Norfolk Southern has signed a nearly $500 million, five-year lease renewal at its Midtown corporate headquarters, according to a Thursday filing with the U.S. Securities and Exchange Commission.
The move comes as the Atlanta-based railroad company is in the process of seeking regulator approval for a merger with Omaha-based Union Pacific.
The transaction would consolidate the two under the Union Pacific brand into the country’s first transcontinental railroad company, headquartered in Nebraska.
Under the proposed plan, more than half the Midtown headquarters’ management employee headcount would either relocate to Omaha or lose their jobs, the filing said.
The company opened the 750,000-square-foot building on a 3.4-acre campus in Tech Square in 2021, after relocating its headquarters to Atlanta from Virginia.
The building is also home of the railroad’s network operations center staffed by unionized train dispatchers, which the merger application states will ultimately relocate to Omaha.
But in an interview last month Norfolk Southern CEO Mark George said the companies had no plans to leave Midtown, even if a merger is approved.

“We don’t have any plans for a change right now,” George said during a joint interview with Union Pacific CEO Jim Vena of the Midtown location.
“It’s a great building.”
Norfolk Southern has built a close relationship with nearby Georgia Tech, including partnerships on AI-driven safety innovation.
The institution will be “heavily relied upon by the combined company,” he said.
“When you put that all in the mix, Atlanta is real important to us.

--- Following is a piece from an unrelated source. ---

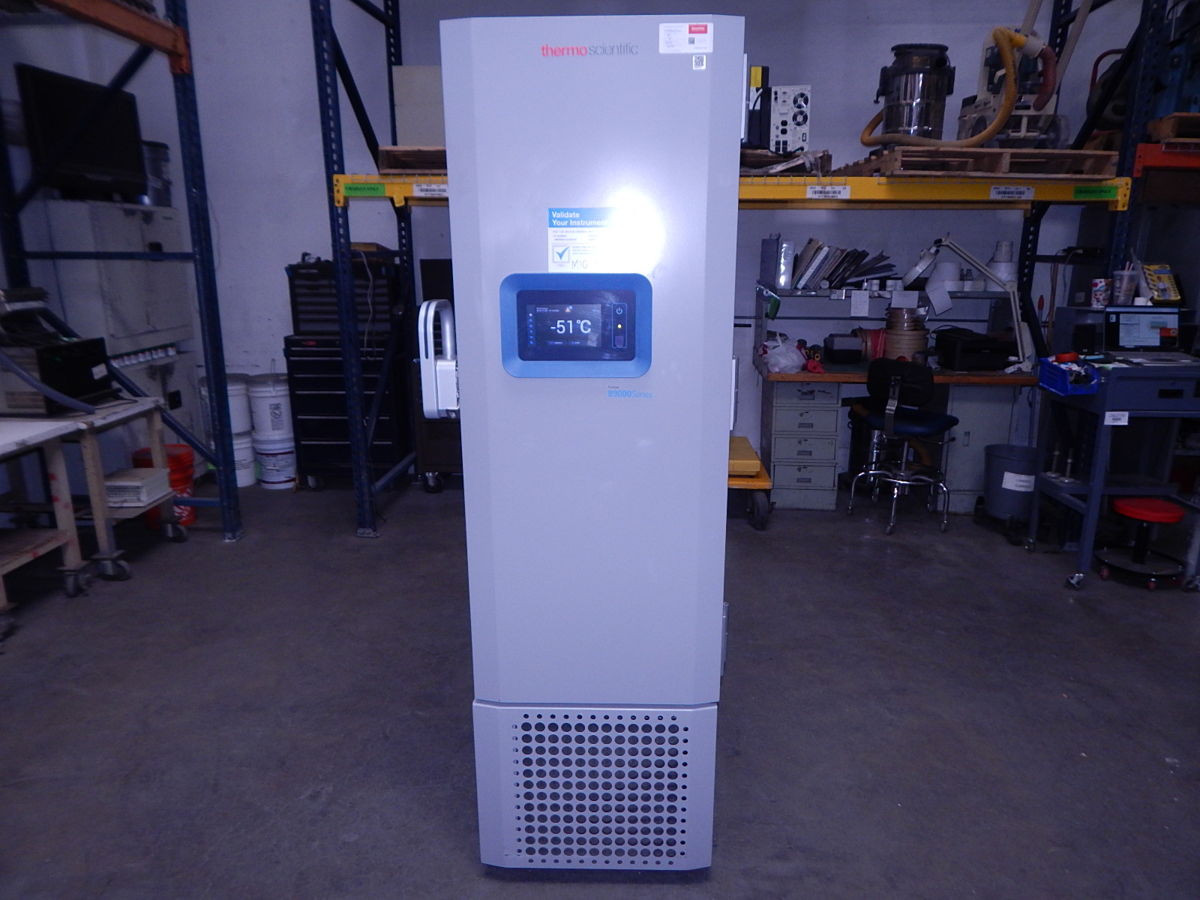 Thermo Fisher Scientific #8930086A, Ultra-Low Lab Freezer, -50 to -86 C Temp, 120 V., 809 L, AS IS - Image 4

It will be significant, and we will have a lot of employees there still,” Vena said.
Both CEOs told the AJC the companies are already acting to proactively prevent as many job losses in both staffs as possible through attrition.
Union Pacific has already promised all unionized employees will be guaranteed a job at the new company.
George insisted that Union Pacific will remain a prominent corporate resident in Atlanta post-merger.
“We had a huge presence in Atlanta and Georgia before the headquarters moved there. And even after we consummate this merger, we’re going to have a huge presence,” he said.
After regulators ruled their initial application was incomplete earlier this year, the companies have vowed to refile by the end of the month and hope to complete the process in 2027.